Il faut que chacun proclame son «refus ferme de toute forme de corruption qui détourne les ressources destinées aux pauvres», a lancé le souverain pontife à l'occasion de son premier discours officiel dans l'archipel où il est arrivé jeudi. Il faut «briser les chaînes de l'injustice et de l'oppression qui donnent lieu à d'évidentes - et vraiment scandaleuses - inégalités sociales».

Le pape s'adressait aux autorités politiques et au corps diplomatique réunis au palais présidentiel, où il est arrivé dans une minuscule voiture banalisée, acclamé sur les trottoirs par une foule immense et enthousiaste. Aux Philippines, 80% des 100 millions d'habitants pratiquent un catholicisme extrêmement fervent.

Le souverain pontife, âgé de 78 ans, fait face à un programme chargé pendant son séjour dans l'archipel, et semblait fatigué et pâle. Mais cela ne l'a pas empêché de faire montre d'une grande énergie pour défendre les pauvres.

Environ un quart de la population de l'archipel vit avec moins de 60 cents américains par jour, selon les dernières estimations officielles.

Il faut changer les choses, a dit le souverain pontife, appelant les autorités à «réformer» les «structures sociales qui entretiennent la pauvreté et l'exclusion des pauvres».

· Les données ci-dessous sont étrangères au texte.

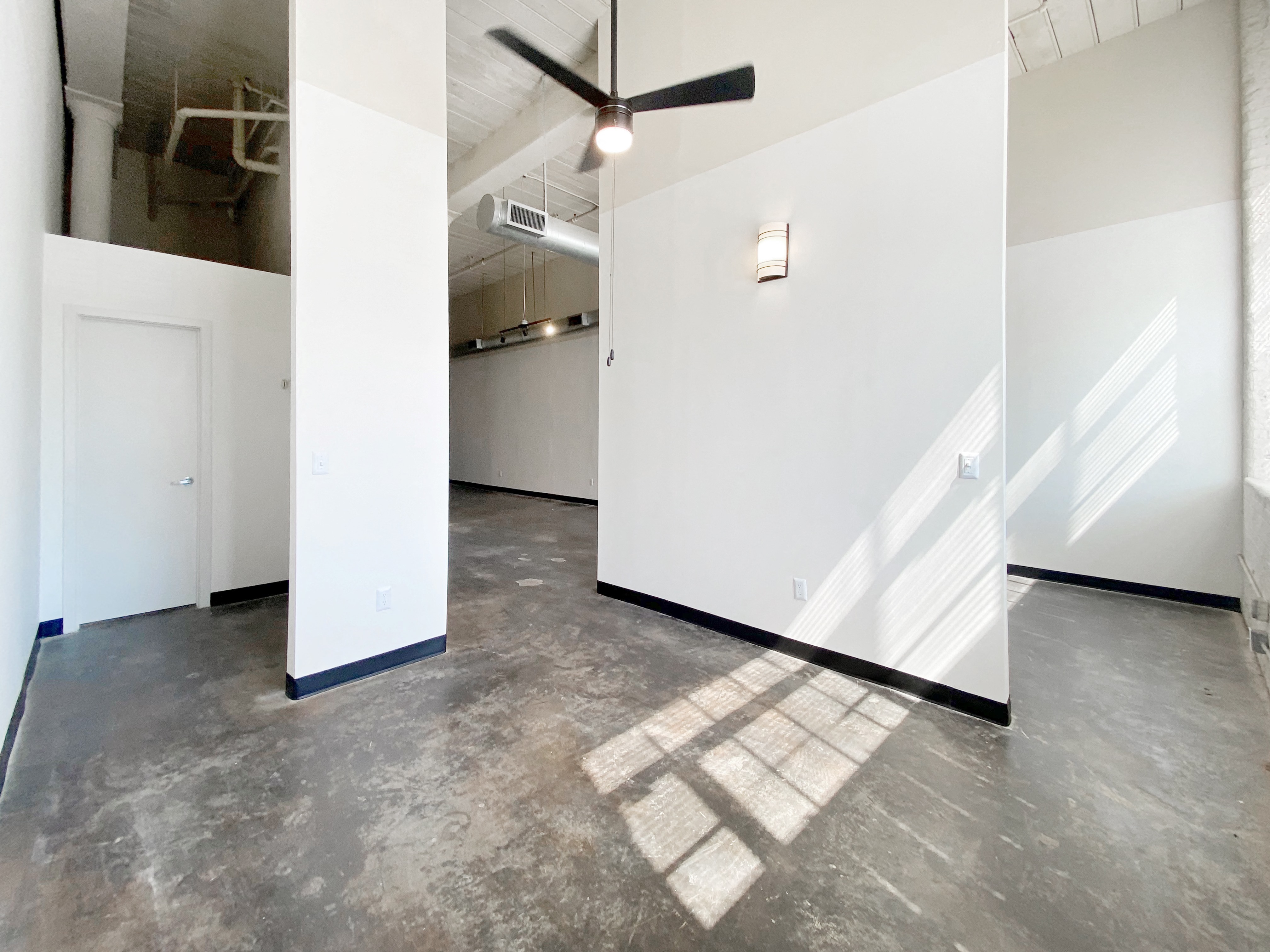 Main bedroom with ceiling fan, natural light, polished concrete floors and high ceilings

«Il est maintenant plus que jamais nécessaire que les dirigeants politiques se distinguent par leur honnêteté, leur intégrité et leur responsabilité envers le bien commun», a également dit le pape.

Depuis son arrivée au pouvoir voici quatre ans, le président Benigno Aquino a lancé une vaste campagne anti-corruption qui a vu le placement en détention de sa prédecesseure Gloria Arroyo et de trois sénateurs pour des chefs de corruption.

Affluence record

Il a également orchestré la destitution du président de la Cour suprême pour les mêmes motifs et ses efforts ont été salués sur la scène internationale, même si les détracteurs du président l'accusent de concentrer ses attaques sur ses opposants et d'épargner ses alliés.

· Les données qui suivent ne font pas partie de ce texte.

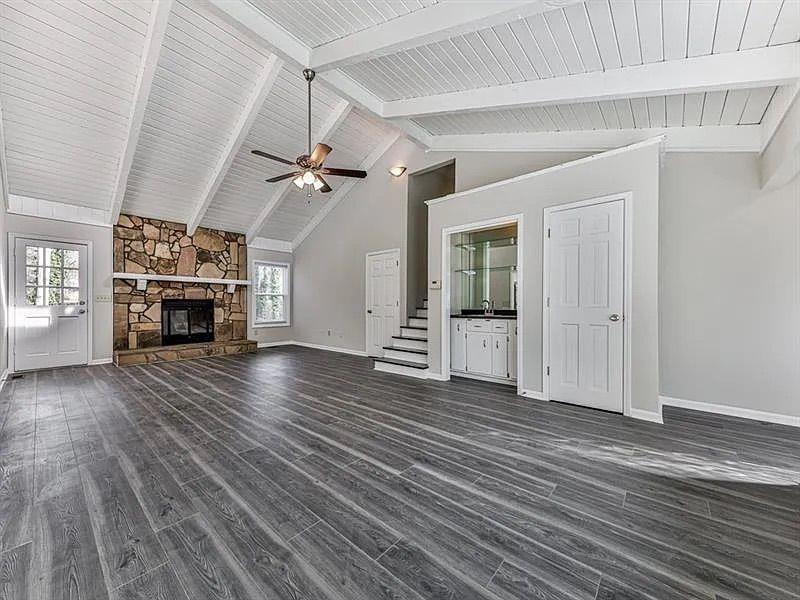 1400 Boxwood Trace Northwest Acworth, GA 30102 - Photo 7 of 23 an empty room with wooden floor fireplace and windows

L'Église, toute puissante aux Philippines, a également son rôle à jouer dans le combat contre la pauvreté, d'après le souverain pontife. Celle-ci «est appelée à reconnaître et combattre les causes de l'inégalité et de l'injustice, profondément enracinées, qui salissent le visage de la société philippine», a dit le pape lors d'une messe célébrée en la cathédrale de Manille, un monument érigé au XVIe, au moment où la religion catholique faisait son apparition dans l'archipel colonisé par l'Espagne.

Le pape devait ensuite rencontrer des milliers de fidèles dans un stade qui a vu défiler ces dernières années des stars de la pop comme Bruno Mars, Lady Gaga ou Taylor Swift.

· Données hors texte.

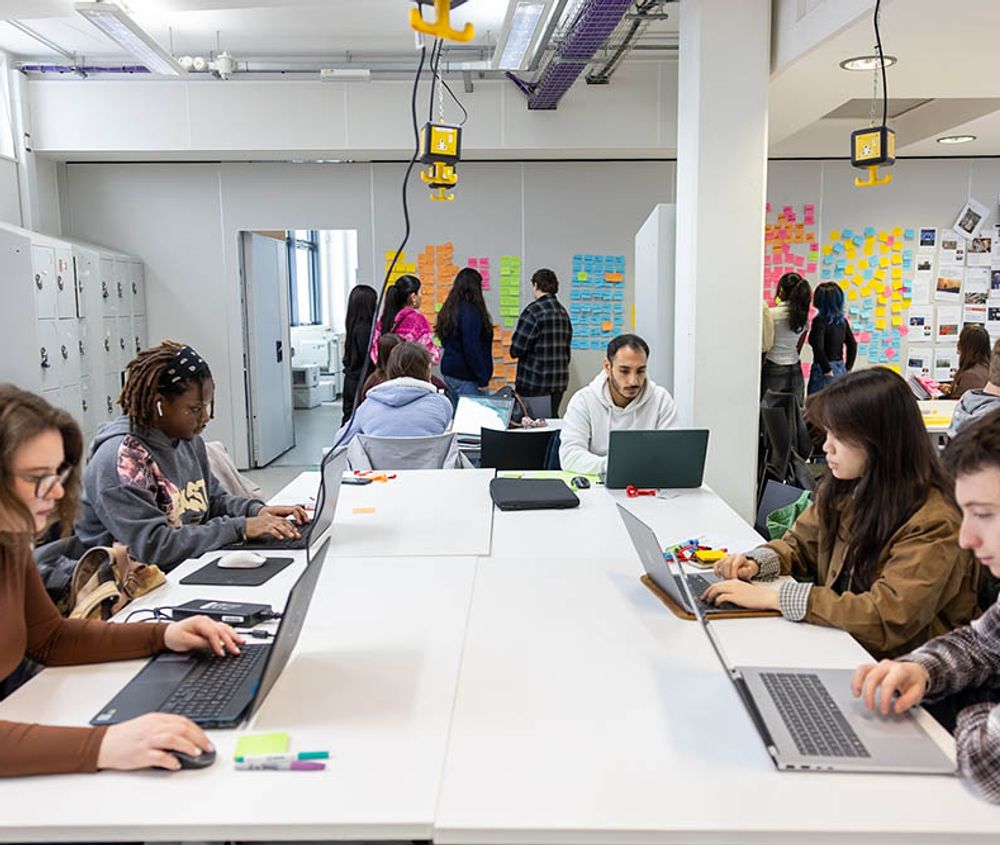 Graphic design students working around desk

Ce second périple du pape argentin en Asie après son voyage en Corée du Sud est destiné à encourager une région perçue par le Vatican comme une terre d'avenir pour le catholicisme.

Le point fort du séjour devrait être la messe finale au Rizal Park de Manille dimanche, en dépit de prévisions météorologiques maussades, où un nombre record de fidèles pourrait affluer. D'après les organisateurs, jusqu'à six millions de fidèles y sont attendus, soit davantage que les cinq millions de personnes réunies par Jean Paul II en 1995, lors des Journées mondiales de la jeunesse qui avaient déjà eu lieu dans la capitale philippine.

Le pape est également attendu samedi à Tacloban, sur l'île de Leyte, à 650 km de Manille. En 2013, le super typhon Haiyan y avait fait 7.350 morts ou disparus.

Plus de 40.000 soldats et policiers seront déployés dans l'archipel où deux souverains pontife, Paul VI et Jean Paul II, ont été l'objet de tentatives d'assassinats.

«Cette année, cela représentera notre plus gros cauchemar en termes de sécurité», a commenté le chef de l'armée philippine, le général Gregorio Catapang.

Le président Benigno Aquino a supplié les Philippins de garder leur calme et d'éviter de créer des bousculades qui pourraient mettre en danger la sécurité du pape.

«Je vous le demande, voulez-vous qu'une tragédie impliquant le pape survienne aux Philippines et reste dans l'Histoire?», a-t-il lancé.

La veille, dans l'avion qui l'emmenait de Colombo au Sri Lanka à Manille, le pape s'était immiscé dans le débat sur la liberté d'expression qui fait rage depuis l'attentat meurtrier contre l'hebdomadaire Charlie Hebdo en France la semaine dernière, en jugeant que ce «droit fondamental» n'autorisait pas à «insulter» ou moquer la foi d'autrui.